De regresso ao meu quarto deitei-me por um pouco. Não sabia se era já o cansaço da viagem ou toda aquela comoção mas necessitava de fechar os olhos mesmo que por breves instantes. Acertei o relogio para as dezanove horas de forma a que despertasse a essa hora. Um duche rápido iria me oferecer outro ânimo, e assim, me deitei aconchegado com uma manta e deixei-me levar pelo cansaço que me fechava os olhos lentamente.
Repousava neste mundo diferente, sonhos perdidos como um puzzle davam luz às imagens e cores que me aconchegam neste instante em que adormecido, recomponho-me – “Ricardo… abre os olhos, acorda!” – aquelas palavras chegavam-me de tão perto, como se o universo me tocasse e o céu se fizesse terra.
– Ricardo, estás bem? Acorda! – e de repente da escuridão se fez luz e aquele rosto ali junto a mim confundia-se ainda com a névoa feita na minha mente.
- Melinda, que horas são? – questionei dando um autêntico pulo da cama, qual canguru amestrado que face à sua recompensa cumpre rigorosamente as suas acrobacias.

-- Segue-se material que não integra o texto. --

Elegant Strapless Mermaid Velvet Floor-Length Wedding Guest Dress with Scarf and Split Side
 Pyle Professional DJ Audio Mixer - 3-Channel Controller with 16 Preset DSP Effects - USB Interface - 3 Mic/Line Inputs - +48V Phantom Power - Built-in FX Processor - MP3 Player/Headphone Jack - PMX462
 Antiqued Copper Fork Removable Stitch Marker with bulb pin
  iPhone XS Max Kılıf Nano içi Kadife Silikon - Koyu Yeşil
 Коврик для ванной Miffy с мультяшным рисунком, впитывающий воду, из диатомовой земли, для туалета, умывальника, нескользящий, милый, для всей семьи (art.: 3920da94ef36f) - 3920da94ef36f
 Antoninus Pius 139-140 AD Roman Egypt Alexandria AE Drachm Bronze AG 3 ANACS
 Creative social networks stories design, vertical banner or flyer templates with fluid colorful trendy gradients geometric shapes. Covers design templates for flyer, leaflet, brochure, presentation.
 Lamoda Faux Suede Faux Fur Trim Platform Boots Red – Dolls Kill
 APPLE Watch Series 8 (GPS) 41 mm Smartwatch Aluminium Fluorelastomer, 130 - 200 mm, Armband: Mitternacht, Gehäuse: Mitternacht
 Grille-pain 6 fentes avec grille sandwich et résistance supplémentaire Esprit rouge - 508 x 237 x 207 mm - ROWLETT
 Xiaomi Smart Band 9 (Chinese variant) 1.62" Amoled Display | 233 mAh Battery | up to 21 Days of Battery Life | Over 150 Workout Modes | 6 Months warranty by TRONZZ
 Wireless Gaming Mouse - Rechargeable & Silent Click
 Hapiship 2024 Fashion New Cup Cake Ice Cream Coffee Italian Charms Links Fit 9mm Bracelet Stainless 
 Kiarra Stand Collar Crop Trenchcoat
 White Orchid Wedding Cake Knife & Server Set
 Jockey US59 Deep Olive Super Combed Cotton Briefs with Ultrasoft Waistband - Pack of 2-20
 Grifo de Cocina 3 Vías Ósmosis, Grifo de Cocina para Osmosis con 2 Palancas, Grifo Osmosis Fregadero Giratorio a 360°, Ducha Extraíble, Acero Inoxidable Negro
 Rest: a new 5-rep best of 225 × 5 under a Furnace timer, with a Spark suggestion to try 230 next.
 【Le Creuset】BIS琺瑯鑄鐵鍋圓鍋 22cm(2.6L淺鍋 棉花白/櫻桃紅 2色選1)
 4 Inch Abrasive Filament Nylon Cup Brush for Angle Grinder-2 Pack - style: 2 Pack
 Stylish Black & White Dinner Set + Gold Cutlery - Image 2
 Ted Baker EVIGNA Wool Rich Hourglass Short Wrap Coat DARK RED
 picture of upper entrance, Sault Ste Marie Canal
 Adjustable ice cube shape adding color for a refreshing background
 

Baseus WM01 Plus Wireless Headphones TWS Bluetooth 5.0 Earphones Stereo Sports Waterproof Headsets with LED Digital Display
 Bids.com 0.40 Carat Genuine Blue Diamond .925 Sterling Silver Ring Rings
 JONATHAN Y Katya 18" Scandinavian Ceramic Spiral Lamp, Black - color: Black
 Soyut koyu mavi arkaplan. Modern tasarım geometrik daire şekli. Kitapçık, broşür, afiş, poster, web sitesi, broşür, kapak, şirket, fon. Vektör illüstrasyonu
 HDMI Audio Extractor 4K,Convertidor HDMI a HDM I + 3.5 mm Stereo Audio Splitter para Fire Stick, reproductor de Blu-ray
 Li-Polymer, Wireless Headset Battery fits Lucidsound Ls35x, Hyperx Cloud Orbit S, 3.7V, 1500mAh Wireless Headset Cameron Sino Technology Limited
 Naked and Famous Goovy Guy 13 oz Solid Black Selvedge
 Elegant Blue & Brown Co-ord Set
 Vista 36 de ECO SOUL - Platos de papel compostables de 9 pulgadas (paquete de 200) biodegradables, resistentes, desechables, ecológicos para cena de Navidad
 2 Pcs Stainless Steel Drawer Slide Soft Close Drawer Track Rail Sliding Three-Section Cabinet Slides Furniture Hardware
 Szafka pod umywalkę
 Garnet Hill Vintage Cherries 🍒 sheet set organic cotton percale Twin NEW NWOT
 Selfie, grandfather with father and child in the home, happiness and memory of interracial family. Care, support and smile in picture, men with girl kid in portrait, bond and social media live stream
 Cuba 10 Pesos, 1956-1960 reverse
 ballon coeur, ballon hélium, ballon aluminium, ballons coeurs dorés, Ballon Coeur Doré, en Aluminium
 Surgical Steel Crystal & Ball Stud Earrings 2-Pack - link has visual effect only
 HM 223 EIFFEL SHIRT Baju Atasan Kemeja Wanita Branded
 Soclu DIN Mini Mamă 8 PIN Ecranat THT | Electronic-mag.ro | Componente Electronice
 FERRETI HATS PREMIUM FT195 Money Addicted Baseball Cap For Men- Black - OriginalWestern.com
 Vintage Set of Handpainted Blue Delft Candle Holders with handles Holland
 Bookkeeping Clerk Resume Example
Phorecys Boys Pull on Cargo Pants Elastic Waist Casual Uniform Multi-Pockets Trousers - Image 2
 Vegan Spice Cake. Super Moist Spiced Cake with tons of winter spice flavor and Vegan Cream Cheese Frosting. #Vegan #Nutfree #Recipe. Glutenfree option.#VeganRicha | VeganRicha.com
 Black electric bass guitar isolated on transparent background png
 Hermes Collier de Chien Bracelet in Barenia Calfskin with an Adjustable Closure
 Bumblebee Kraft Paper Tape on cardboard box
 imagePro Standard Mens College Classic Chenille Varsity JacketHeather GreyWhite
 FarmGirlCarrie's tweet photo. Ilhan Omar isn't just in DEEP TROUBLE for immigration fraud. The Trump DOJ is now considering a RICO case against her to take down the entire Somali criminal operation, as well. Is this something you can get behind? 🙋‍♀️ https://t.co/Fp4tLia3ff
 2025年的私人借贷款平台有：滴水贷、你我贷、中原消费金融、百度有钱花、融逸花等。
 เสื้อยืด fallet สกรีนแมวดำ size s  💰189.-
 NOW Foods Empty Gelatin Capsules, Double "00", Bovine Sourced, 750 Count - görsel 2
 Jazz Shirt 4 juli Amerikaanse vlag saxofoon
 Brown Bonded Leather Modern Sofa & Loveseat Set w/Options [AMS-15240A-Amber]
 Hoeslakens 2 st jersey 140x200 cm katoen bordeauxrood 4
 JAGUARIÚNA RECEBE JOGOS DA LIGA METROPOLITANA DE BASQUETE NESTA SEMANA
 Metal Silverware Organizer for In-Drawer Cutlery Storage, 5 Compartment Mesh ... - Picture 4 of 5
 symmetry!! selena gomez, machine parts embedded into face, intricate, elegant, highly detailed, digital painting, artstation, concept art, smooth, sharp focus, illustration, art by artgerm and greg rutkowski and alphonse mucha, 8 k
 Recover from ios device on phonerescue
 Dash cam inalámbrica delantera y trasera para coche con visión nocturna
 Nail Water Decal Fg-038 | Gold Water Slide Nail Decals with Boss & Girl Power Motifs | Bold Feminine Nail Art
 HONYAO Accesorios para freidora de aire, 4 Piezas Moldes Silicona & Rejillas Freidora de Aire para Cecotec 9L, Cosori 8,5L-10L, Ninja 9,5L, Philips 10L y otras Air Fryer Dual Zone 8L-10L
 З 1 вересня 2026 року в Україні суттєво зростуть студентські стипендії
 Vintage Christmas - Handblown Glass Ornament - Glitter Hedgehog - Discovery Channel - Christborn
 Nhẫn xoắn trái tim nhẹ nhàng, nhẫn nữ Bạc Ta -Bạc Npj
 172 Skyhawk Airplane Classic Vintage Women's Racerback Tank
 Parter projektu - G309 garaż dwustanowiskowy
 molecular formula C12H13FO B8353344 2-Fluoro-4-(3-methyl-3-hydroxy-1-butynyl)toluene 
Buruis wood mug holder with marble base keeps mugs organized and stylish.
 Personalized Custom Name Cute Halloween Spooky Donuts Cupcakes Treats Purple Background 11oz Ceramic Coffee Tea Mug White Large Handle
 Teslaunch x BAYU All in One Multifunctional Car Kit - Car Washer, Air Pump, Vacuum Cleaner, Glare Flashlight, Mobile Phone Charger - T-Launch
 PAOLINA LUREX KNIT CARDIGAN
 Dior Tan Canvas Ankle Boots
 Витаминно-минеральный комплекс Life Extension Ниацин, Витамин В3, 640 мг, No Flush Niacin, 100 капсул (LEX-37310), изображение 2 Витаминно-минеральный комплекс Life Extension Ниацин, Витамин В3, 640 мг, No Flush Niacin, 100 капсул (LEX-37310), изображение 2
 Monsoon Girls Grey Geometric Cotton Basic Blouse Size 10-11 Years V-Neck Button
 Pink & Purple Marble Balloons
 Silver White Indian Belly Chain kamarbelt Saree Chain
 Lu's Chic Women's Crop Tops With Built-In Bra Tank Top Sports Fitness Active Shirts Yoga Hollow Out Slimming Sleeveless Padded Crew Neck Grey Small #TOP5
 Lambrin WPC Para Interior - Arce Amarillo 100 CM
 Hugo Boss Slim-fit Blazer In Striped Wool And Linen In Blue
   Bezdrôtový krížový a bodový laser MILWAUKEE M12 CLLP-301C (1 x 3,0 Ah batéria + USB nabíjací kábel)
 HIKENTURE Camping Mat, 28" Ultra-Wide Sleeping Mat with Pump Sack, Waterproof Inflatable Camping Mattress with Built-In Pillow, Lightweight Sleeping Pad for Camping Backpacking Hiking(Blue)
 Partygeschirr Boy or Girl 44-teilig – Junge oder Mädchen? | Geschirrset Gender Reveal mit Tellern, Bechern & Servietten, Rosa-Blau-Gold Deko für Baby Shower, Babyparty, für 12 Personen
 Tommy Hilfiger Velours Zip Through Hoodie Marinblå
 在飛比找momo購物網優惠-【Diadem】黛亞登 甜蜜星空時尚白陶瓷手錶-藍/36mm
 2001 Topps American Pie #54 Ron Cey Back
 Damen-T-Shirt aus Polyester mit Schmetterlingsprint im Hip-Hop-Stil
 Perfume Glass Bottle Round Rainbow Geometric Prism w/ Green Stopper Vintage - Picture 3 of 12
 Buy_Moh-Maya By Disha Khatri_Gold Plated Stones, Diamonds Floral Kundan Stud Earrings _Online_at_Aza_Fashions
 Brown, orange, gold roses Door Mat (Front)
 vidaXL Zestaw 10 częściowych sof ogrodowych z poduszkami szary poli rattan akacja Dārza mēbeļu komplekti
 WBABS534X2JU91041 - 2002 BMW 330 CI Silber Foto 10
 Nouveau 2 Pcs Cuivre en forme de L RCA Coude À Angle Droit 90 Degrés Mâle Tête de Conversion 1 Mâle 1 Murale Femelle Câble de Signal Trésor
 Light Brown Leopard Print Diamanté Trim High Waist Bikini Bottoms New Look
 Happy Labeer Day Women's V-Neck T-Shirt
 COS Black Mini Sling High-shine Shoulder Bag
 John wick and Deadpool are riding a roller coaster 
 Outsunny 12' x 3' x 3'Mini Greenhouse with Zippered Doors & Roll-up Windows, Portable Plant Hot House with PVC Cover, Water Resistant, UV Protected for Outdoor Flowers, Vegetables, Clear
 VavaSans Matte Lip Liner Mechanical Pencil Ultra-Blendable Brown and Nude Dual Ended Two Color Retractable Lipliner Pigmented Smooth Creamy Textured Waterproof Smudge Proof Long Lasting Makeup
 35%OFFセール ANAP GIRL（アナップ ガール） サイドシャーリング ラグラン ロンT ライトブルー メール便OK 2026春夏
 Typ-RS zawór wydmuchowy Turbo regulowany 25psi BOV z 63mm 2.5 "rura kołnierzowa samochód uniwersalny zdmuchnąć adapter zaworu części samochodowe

– Neste momento já devem passar uns dez minutos das vinte horas. Como não estavas lá fora e não respondias às batidas na porta decidi entrar.
- O cansaço, à algum tempo que estas longas viagens encontram-se fora do meu itenerário – desculpava-me do atraso tentando perceber porque o meu relógio não havia despertado.
- Pensei que estivesses ainda deitado a descansar realmente porque vi em ti um cansaço pesado que realmente merece o seu descanso. Adiamos o jantar para amanhã e assim descansas, parece-te bem?
- As minhas promessas cumprem-se, por isso hoje vamos jantar sim – afirmei como um perfeito capitão que se afirma perante o seu pelotão querendo ganhar o respeito dos infames e prevaricadores.
- Optimo! Dez minutos devem chegar para te recompores, assim sendo, estarei lá fora junto ao parque de viaturas num dos jipes a aguardar por ti. – e dizendo estas palavras sai da mesma forma silenciosa com que entrou.
Assim sendo mudei de camisa e refresquei-me o melhor que pude naquela fracção de tempo, e mesmo antes do prazo que me fora dado terminasse, estava já a sair dos aposentos em direcção ao veículo que nos levaria ao restaurante. Entrei para o lugar de passageiro já que ela mesma ocupava a função de condutor. Confesso que nunca fora conduzido, e a reacção intrigava-me. Saímos sem que uma só palavra fosse abordada. Durante o percurso admirava uma cidade destruida pelas palavras soltas de vozes que gritam algo que um povo inteiro não deseja, assistia esse desespero por entre as faces quebradas de viajantes exilados que junto à estrada caminhavam em direcção a um sol nascente sem nada mais, do que a própria esperança, e enquanto isso eu mesmo ia naquele instante a caminho de um certo restaurante que desconhia e me questionava como ainda existia. No mínimo a ironia tornava tudo aquilo ainda um pouco mais interessante.
- Chegamos – e dito isto Melinda aponta para um casa de dois pisos, com luzes acesas no rés do chão, as paredes de pedra estavam ainda bem compostas e não me apercebia de qualquer marca ou passagem de todo um conflito que ali tão perto se fazia. Entramos mesmo sem bater como se de um banalíssimo restaurante se tratasse. O meu espanto não tardou. Mesas redondas compostas com uma toalha avermelhada e umas listas brancas, duas velas acesas por cada mesa, pratos de barro tipicamente de épocas antigas e senhoriais e uma senhora que aparentava já uma certa idade atarefada de mesa em mesa a servir o que pelo característico odor me sabia a cabrito assado.
- Não acreditaste que te traria de facto a um restaurante?
- Nunca imaginaria este cenário sereno e idílico enquanto lá fora decorre uma guerra. Isto é como se ao entrar por aquela porta acabássemos de abrir as portas a um sonho.